**PROBLEM TO SOLVE:** Print each line below verbatim, skipping every picture.

**DATASET SECTION:**

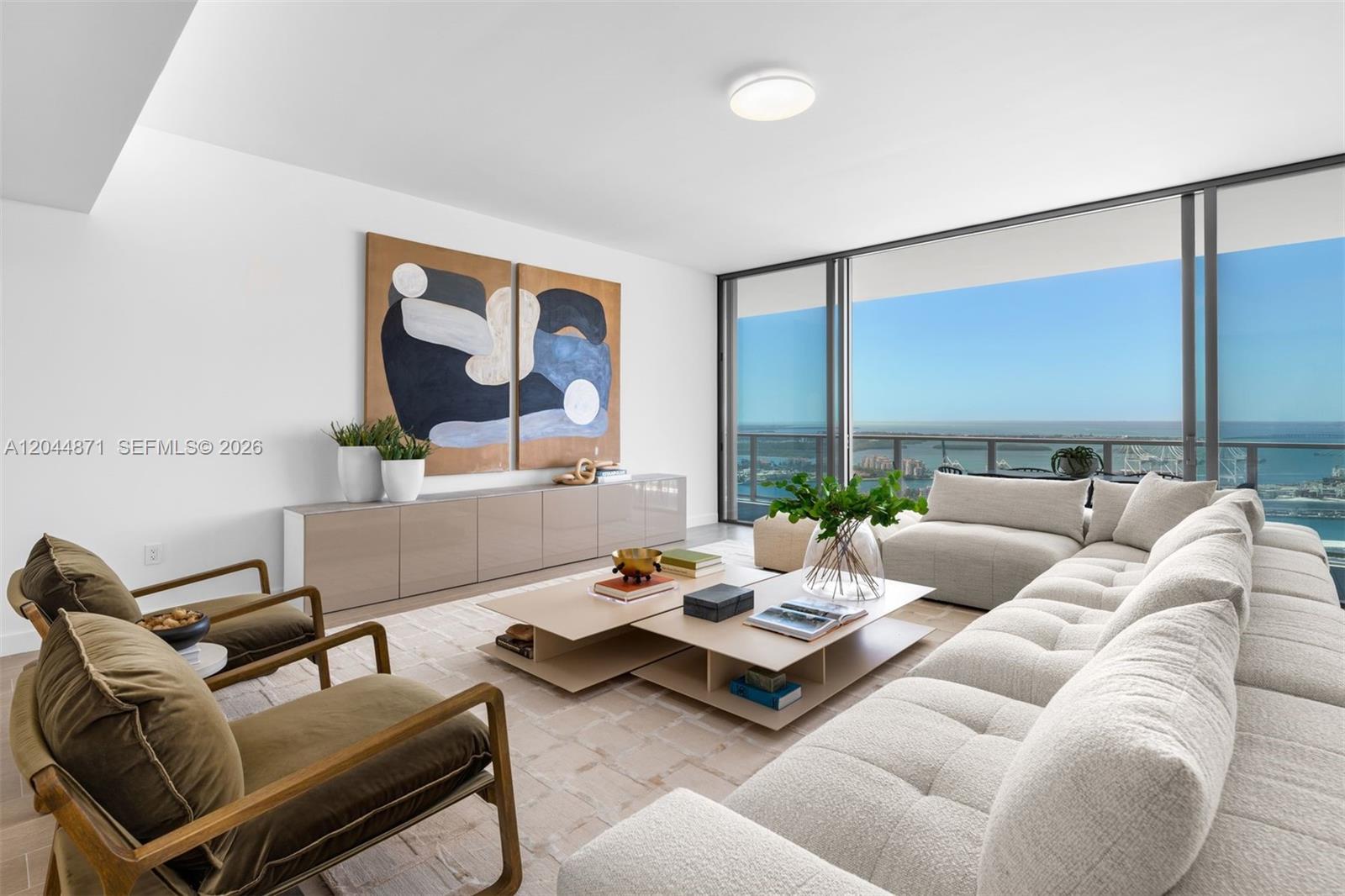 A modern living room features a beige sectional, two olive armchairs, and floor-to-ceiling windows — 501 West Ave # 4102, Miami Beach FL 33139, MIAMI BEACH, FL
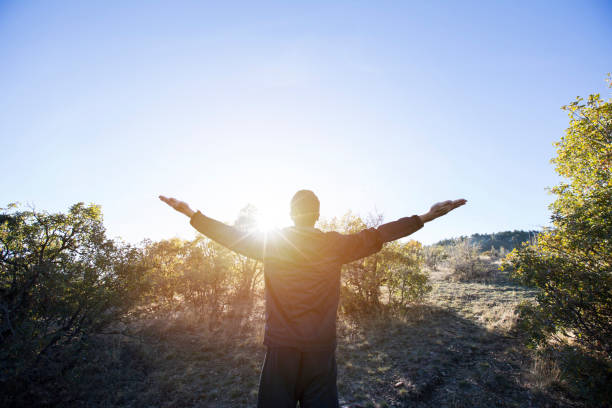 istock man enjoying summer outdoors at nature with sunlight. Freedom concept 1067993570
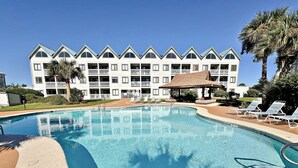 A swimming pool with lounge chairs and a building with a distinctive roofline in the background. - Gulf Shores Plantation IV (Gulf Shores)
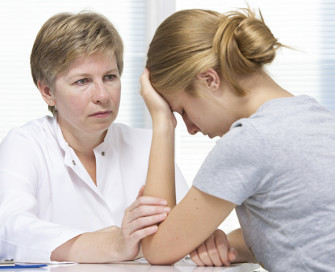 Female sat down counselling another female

**RESULT:**
 A modern living room features a beige sectional, two olive armchairs, and floor-to-ceiling windows — 501 West Ave # 4102, Miami Beach FL 33139, MIAMI BEACH, FL
 istock man enjoying summer outdoors at nature with sunlight. Freedom concept 1067993570
 A swimming pool with lounge chairs and a building with a distinctive roofline in the background. - Gulf Shores Plantation IV (Gulf Shores)
 Female sat down counselling another female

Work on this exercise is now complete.